Your task is to print all of the data below exactly, with no pictures included.

Stored data entries:
———

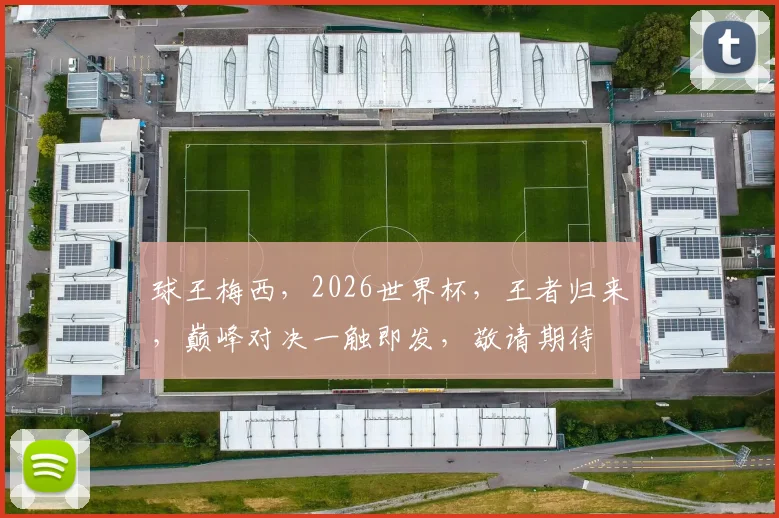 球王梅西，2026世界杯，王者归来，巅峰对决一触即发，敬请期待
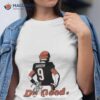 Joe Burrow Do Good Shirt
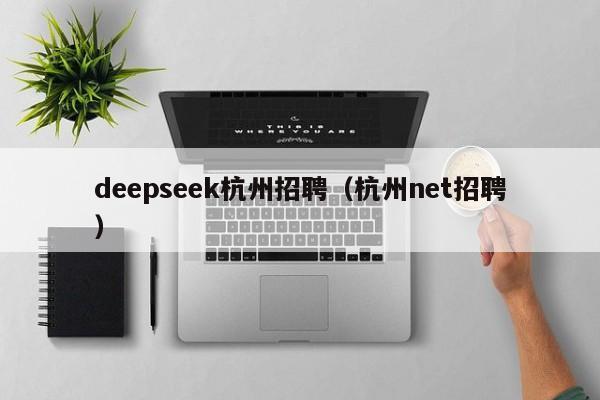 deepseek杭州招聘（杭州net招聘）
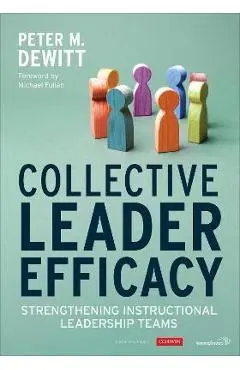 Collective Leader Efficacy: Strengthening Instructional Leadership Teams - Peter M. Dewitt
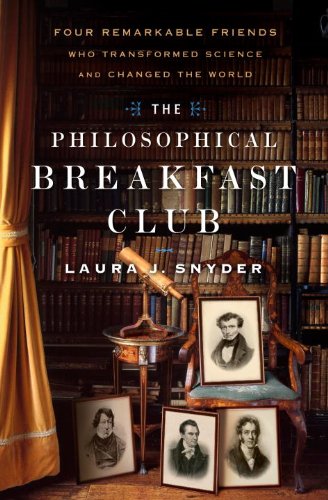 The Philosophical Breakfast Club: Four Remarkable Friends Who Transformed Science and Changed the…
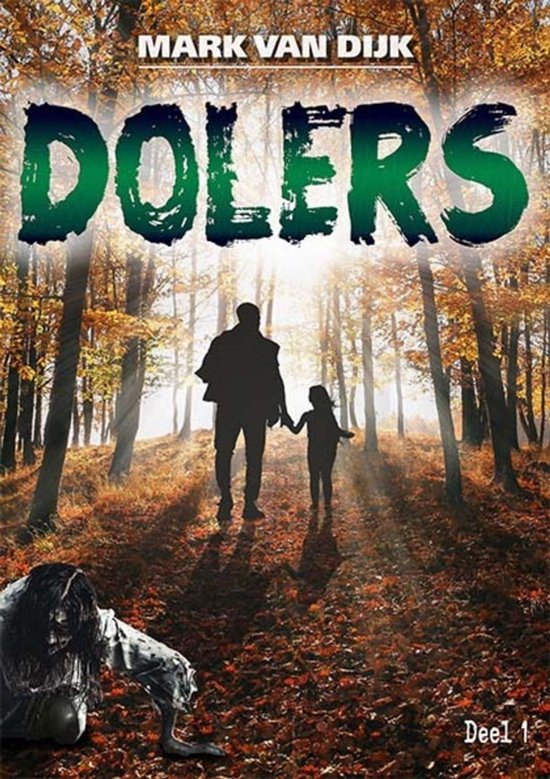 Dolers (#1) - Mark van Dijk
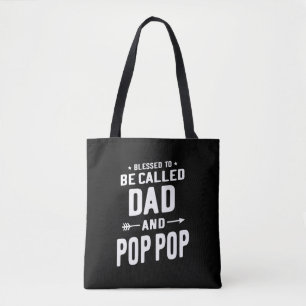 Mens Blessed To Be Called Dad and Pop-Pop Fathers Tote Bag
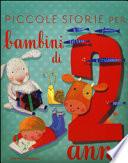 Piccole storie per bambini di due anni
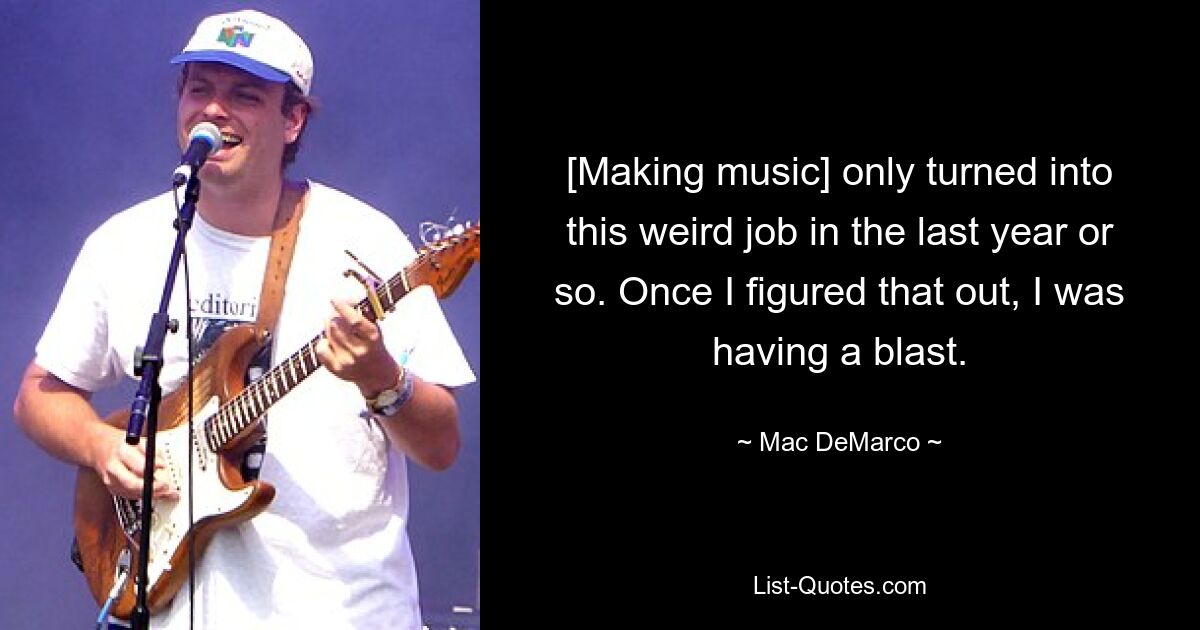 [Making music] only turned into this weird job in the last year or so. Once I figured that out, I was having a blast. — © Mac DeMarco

———

SOLUTION:
 球王梅西，2026世界杯，王者归来，巅峰对决一触即发，敬请期待
 Joe Burrow Do Good Shirt
 deepseek杭州招聘（杭州net招聘）
 Collective Leader Efficacy: Strengthening Instructional Leadership Teams - Peter M. Dewitt
 The Philosophical Breakfast Club: Four Remarkable Friends Who Transformed Science and Changed the…
 Dolers (#1) - Mark van Dijk
 Mens Blessed To Be Called Dad and Pop-Pop Fathers Tote Bag
 Piccole storie per bambini di due anni
 [Making music] only turned into this weird job in the last year or so. Once I figured that out, I was having a blast. — © Mac DeMarco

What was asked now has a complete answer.